# [RECORDED DATA]
○ ○ ○

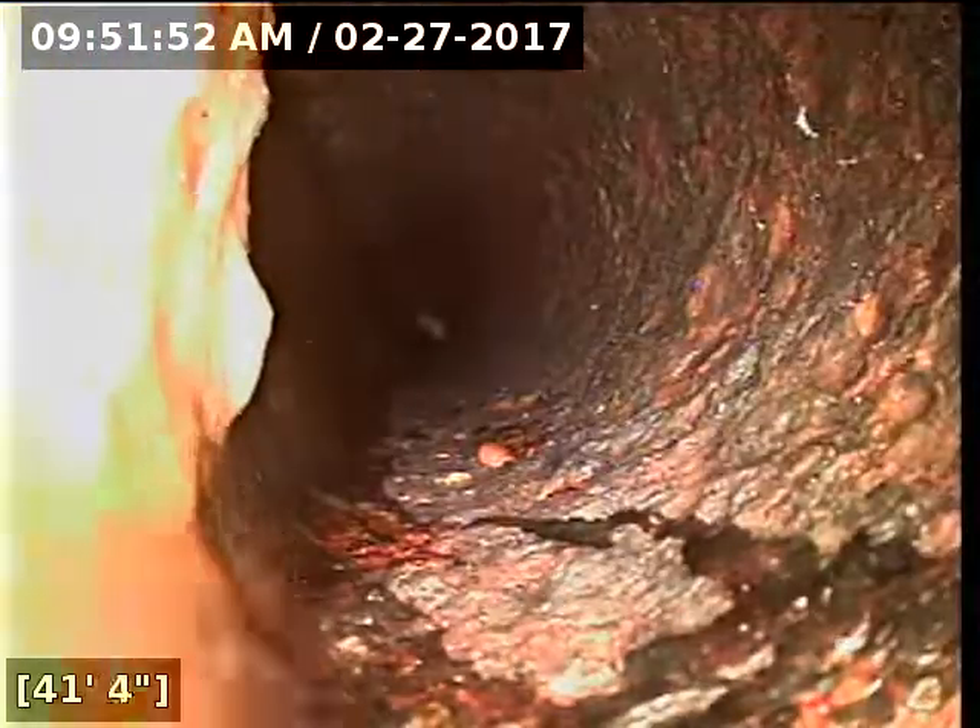This is going to be in the main line going out. That line looks good too — it's just going to need to be jet cleaned with all the scale in there. You can see the cast iron scale sitting on the bottom of the pipe, especially now that we're pulling back. I don't see anything cracked or broken, don't feel the camera getting hung up on any broken pipe — it just needs to be jet cleaned.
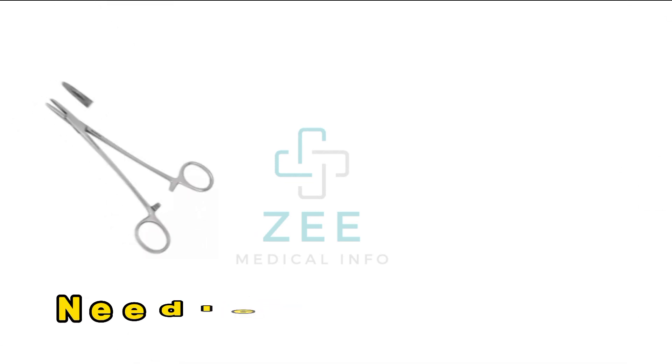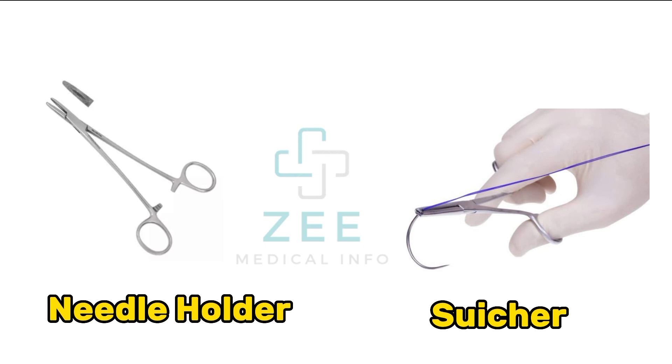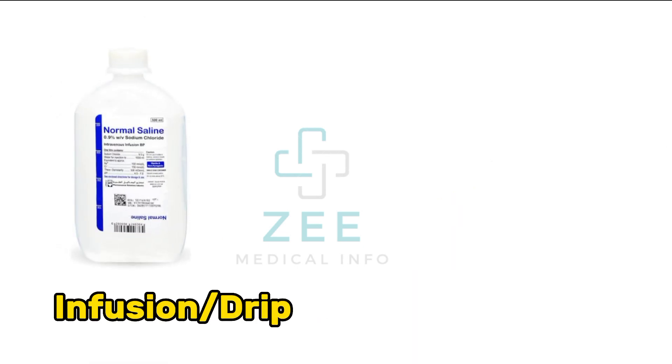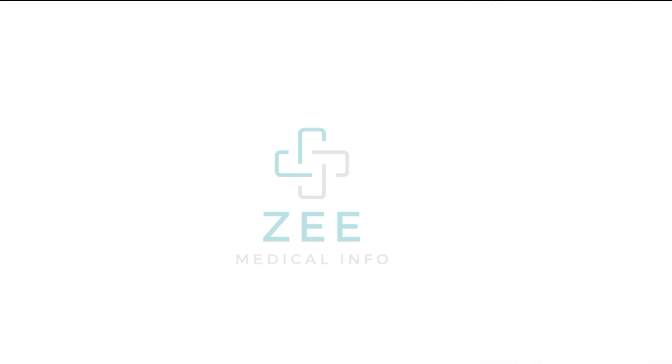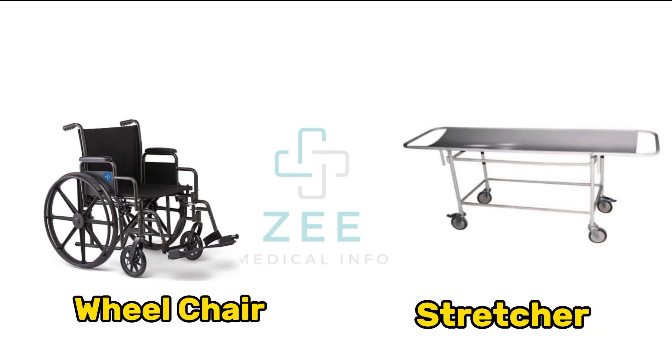Needle holder, suture, infusion drip set, wheelchair, stretcher.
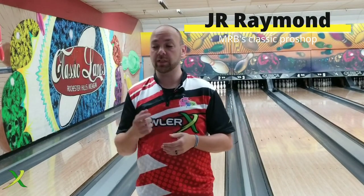What's up guys? J.R. Raymond back again, and I'm back at Classic Lanes here in Rochester Hills, Michigan, home of MRB Classic Pro Shop, where today we're going to take a look at that new EJ ball, the VIP.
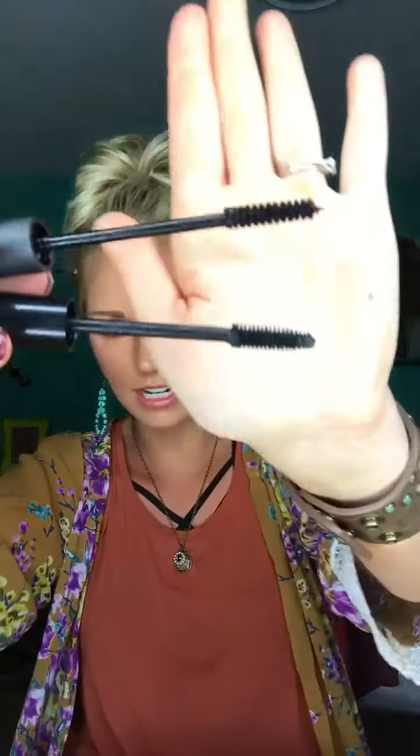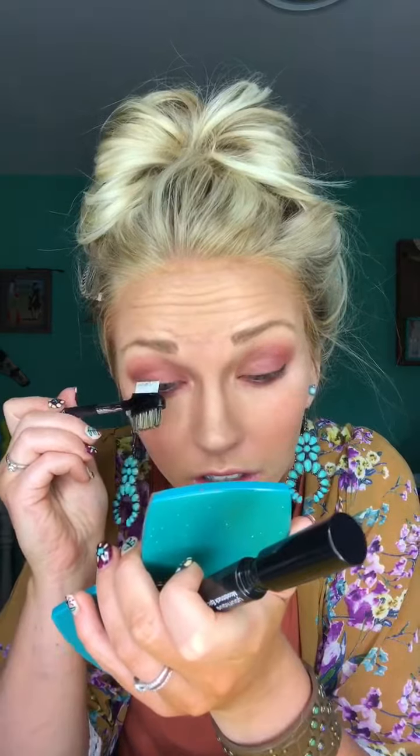The Epic One-Step is on the bottom, so you can see the wands are a little different. I'm just gonna comb out my lashes really quick — I just put on the lash serum — and I'm going to do one eye to show you the difference.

○ ○ ○

# [GOAL OF THE EXERCISE]
Only the lines from the line holding "Needle holder, suture, infusion" through the last line above belong in the answer, repeated exactly; the pictures do not.

# [OUTPUT OF THE EXERCISE]
Needle holder, suture, infusion drip set, wheelchair, stretcher.
What's up guys? J.R. Raymond back again, and I'm back at Classic Lanes here in Rochester Hills, Michigan, home of MRB Classic Pro Shop, where today we're going to take a look at that new EJ ball, the VIP.
The Epic One-Step is on the bottom, so you can see the wands are a little different. I'm just gonna comb out my lashes really quick — I just put on the lash serum — and I'm going to do one eye to show you the difference.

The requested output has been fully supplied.